From: ludo@gnu.org (Ludovic Courtès)
To: guile-devel@gnu.org
Subject: Re: Locks and threads
Date: Fri, 27 Mar 2009 00:12:52 +0100 [thread overview]
Message-ID: <87tz5fho97.fsf@gnu.org> (raw)
In-Reply-To: 87myb8q6yx.fsf@arudy.ossau.uklinux.net
Hi Neil,
Neil Jerram <neil@ossau.uklinux.net> writes:
> That's an interesting idea, but to be honest I'd prefer to finish this
> work and move onto something else. Would it be OK just to reduce the
> default runtime to 2 seconds? (It wouldn't make any practical
> difference, because 10 seconds isn't normally enough to see a define
> race anyway. It'll just be enough to catch any obvious bitrotting,
> and people who want to run a real test can use
> GUILE_TEST_DEFINE_RACE_DURATION.)
Yes, that'd be OK.
> The key points about #2 are that it uses a straight pthreads mutex to
> protect the symbol hash, and that the symbol hash is a weak hash
> table. Using a pthreads mutex means that we have to take care not to
> do any allocations (or anything else that could block) while the mutex
> is locked. The weakness means that as well as the obvious lookup and
> intern operations, we have to allow for the hash table being accessed
> and resized from an after-GC hook.
OK, got it. (A limitation that vanishes with BDW-GC.)
> #3, on the other hand, uses a fat mutex, and can be applied to any
> non-weak hash table.
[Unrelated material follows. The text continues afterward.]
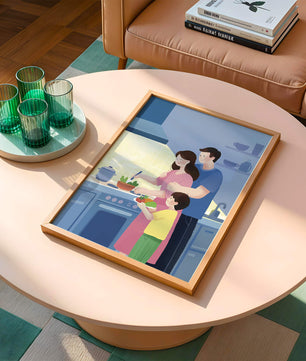 Family Cooking Together in a Modern Kitchen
Using a fat mutex means that it's fine to
> allocate or block while the mutex is locked, and means that the code
> can use scm_dynwind_lock_mutex, which is quite neat. On the other
> hand, it would cause a problem if the hash table concerned could be
> accessed during GC, because
>
> - if the GC didn't try to lock the fat mutex itself, it would be
> modifying the hash table under the feet of the thread that has the
> mutex locked
>
> - if the GC does try to lock the fat mutex, it won't be able to and so
> will block... deadlock!
>
> Hence the restriction of #3 to non-weak hash tables.
OK.
> If #3 was needed, I wouldn't see any problem with its API/ABI changes.
> The API change is addition of one new primitive, and the ABI change is
> to a structure that isn't intended for user code to access. Am I
> missing something?
I was concerned about the `scm_t_hashtable' change, but it doesn't
appear to be accessed by public inlines/macros, so that should be OK.
> On the other hand, if it isn't needed - as appears to be true -
> there's no case for adding it to 1.8.
Agreed.
>> It needs to be conditionalized on `--with-threads'.
>
> It's already inside an "if BUILD_PTHREAD_SUPPORT". Do I need to do
> more than that?
No, I had overlooked this.
>>> scm_i_rehash (SCM table,
>>> unsigned long (*hash_fn)(),
>>> void *closure,
>>> - const char* func_name)
>>> + const char* func_name,
>>> + scm_i_pthread_mutex_t *mutex)
>>
>> This function assumes that MUTEX is locked. I would either write it
>> prominently in a comment above or change the semantics so that MUTEX is
>> acquired in `scm_i_rehash ()', not in the caller.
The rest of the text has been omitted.